Можно было бы начать так.
У Олеси Николаевой есть читатель по-настоящему “свой” — все понимающий с полуслова, он сразу отметит отличия шестой книги ее стихов от предыдущих. Отличия слишком резкие, чтобы не придать им значения. Но и — чересчур явные, чтобы не понять: все прежнее осталось незыблемым несмотря на новизну тем и интонаций. Как совместить или хотя бы соотнести аскетические упражнения в смиренном благочестии и размашистые жесты упоительной раскованности — вот о чем идет речь в этой книге.
Впрочем, так писать об Олесе Николаевой нельзя, поскольку слишком опасно облекать в привычные рецензионные пассажи суждения о поэте, прямо воззвавшем не к понимающему и молчаливому читателю, а именно к сверхпроницательному и велеречивому рецензенту (стихотворение “Интерпретатору”):
Иль не боишься, строф разорвав кольцо,
распотрошив слова,
о, ничего моего, собственное лицо —
аж волоса дыбом! — увидеть?… И это — два.
Еще бы — кто б не боялся?! И потому придется хотя бы сделать вид, что рецензент остается читателем.
Что ж, значит, поговорим иначе — вот так.
…Нет, конечно, и в первых двух разделах сборника есть настоящие удачи! Ну, хотя бы цикл из четырех коротеньких стихотворений о марте — скудном, великопостном, сплинном. Завораживают уподобления поэтического зрения — мартовской сорочьей зоркости (“Март”):
Знаешь ли, так и я, в такую седмицу,
шатаясь по снегам черным, с каждого бока
на любую сверкнувшую вдруг вдалеке вещицу
округляю око.
Или — не раз читавшееся автором вслух посвящение Эмме Герштейн (“Мемуаристка”): “Теперь рассказывай, кто ел из этих рук. / Кто пил из туфельки. Кто гнал тебя по трактам…”.

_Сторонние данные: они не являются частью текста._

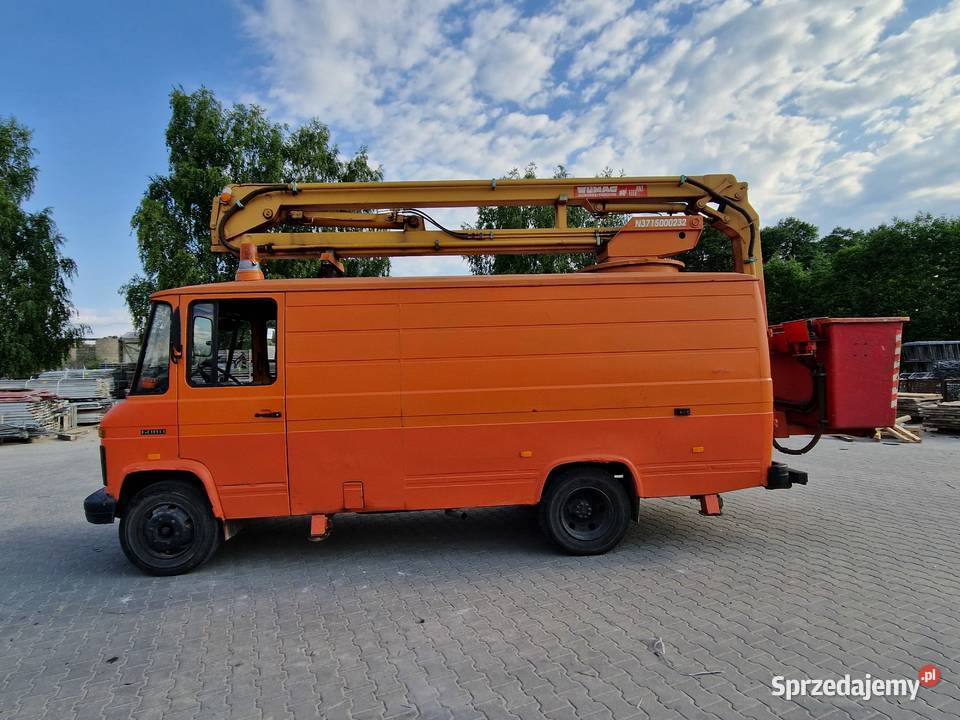 Mercedes Benz Podnośnik Kosz koszowy Podnośniki koszowe mazowieckie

Но все же главное в “Испанских письмах” именно цикл “Испанские письма”, а не разделы “Ты имеешь то, что ты есть” и “Ничего лишнего”, тут уж ничего не поделаешь, да и нужно ли? Нет, не стоит, ну может быть сказать, что в первых двух разделах есть несколько предусмотрительно оброненных поэтом подсказок, ключей к заключающему сборник многосерийному диалогу Путешественника и Друга в “Испанских письмах”. Олеся Николаева тщательным образом акцентирует самое ситуацию, момент написания письма: сосредоточенное собеседование с листком бумаги обязывает ко многому. Адресата нет рядом, и поэтому ему передаются не просто бытовые подробности, но нечто особенное, существенное, вырастающее из напряженного усилия: вот сяду к столу, возьму перо и напишу тебе, друг мой, о…
О чем же? Большой вопрос! Не просто о привычно неясном, мучающем, дразнящем. Я напишу о том, что прежде как будто бы в моих мыслях отсутствовало, а возникло только сейчас, в момент, когда руки, как сказано, тянутся к перу. У Олеси Николаевой пишет к тому же человек, осматривающий Испанию, путешественник — тот, кто находится в пути, в движении. О нем есть, кстати, специальное стихотворение, предваряющее цикл “Испанские письма” (“Путешественник”): “Путешественник ходит всегда вдвоем: он и его кураж / присвоить пространство…”.
Или вот еще: “Путешественник всегда немного астролог и звездочет… / Путешественник всегда немного артист, немного игрок и бард…”.
Кажется, слово найдено: если пишущий письмо является собою в квадрате, склонен сосредоточенно извлекать из своего сознания главное и сокровенное, то пишущий письмо путешественник — наоборот, лицедействует, прячет себя настоящего, принимает некую картинную позу, выдает себя за кого-то другого или, к примеру, третьего.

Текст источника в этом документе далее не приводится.